3. Comment valide-t-on un modèle de climat ?

3.1. Validation par composantes

Un modèle de climat est validé par étapes successives. Chaque composante du modèle est développée indépendamment des autres en lui appliquant des observations en variables d’entrées. Dans ce cadre contraint, on vérifie que le modèle produit des résultats réalistes. Ainsi, un modèle de surfaces continentales sera utilisé seul en lui fournissant des observations météorologiques en entrée et l’on vérifiera que la température, l’humidité du sol et la végétation évoluent conformément aux observations.

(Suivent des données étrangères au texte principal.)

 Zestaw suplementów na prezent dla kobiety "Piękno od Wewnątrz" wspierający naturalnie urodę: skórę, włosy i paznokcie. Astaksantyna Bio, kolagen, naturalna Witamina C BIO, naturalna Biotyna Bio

Chaque composante est ainsi réglée et évaluée séparément des autres. Chacune des composantes est aussi utilisée pour des études spécifiques à son milieu. Lors de cette étape, quelques paramètres du modèle seront jugés peu contraints par les observations disponibles et on évaluera la gamme de valeurs acceptables de ces paramètres. Ceux-ci pourront éventuellement être ajustés dans cette gamme une fois le modèle complet assemblé. Lors des étapes contraintes par des observations, les résultats de simulation peuvent être directement comparés à des observations en termes d’évolution temporelle.

3.2. Données d’entrée

Lorsque l’on fait une simulation avec un modèle de climat, il y a deux types de données d’entrée : l’état initial et les forçages. Si en prévision météorologique, l’état initial est une information primordiale, en modélisation climatique, ce sont les forçages qui sont les éléments les plus importants. Les forçages principaux sont : les concentrations des gaz à effet de serre (excepté la vapeur d’eau, simulée par la composante atmosphérique), la charge en aérosols, mais aussi la répartition de la végétation, les éruptions volcaniques et l’énergie solaire reçue au sommet de l’atmosphère. Comme le système climatique est chaotique, l’information provenant de l’état initial est rapidement perdue. Les conditions initiales sont donc peu importantes pour des simulations climatiques sur plusieurs dizaines d’années.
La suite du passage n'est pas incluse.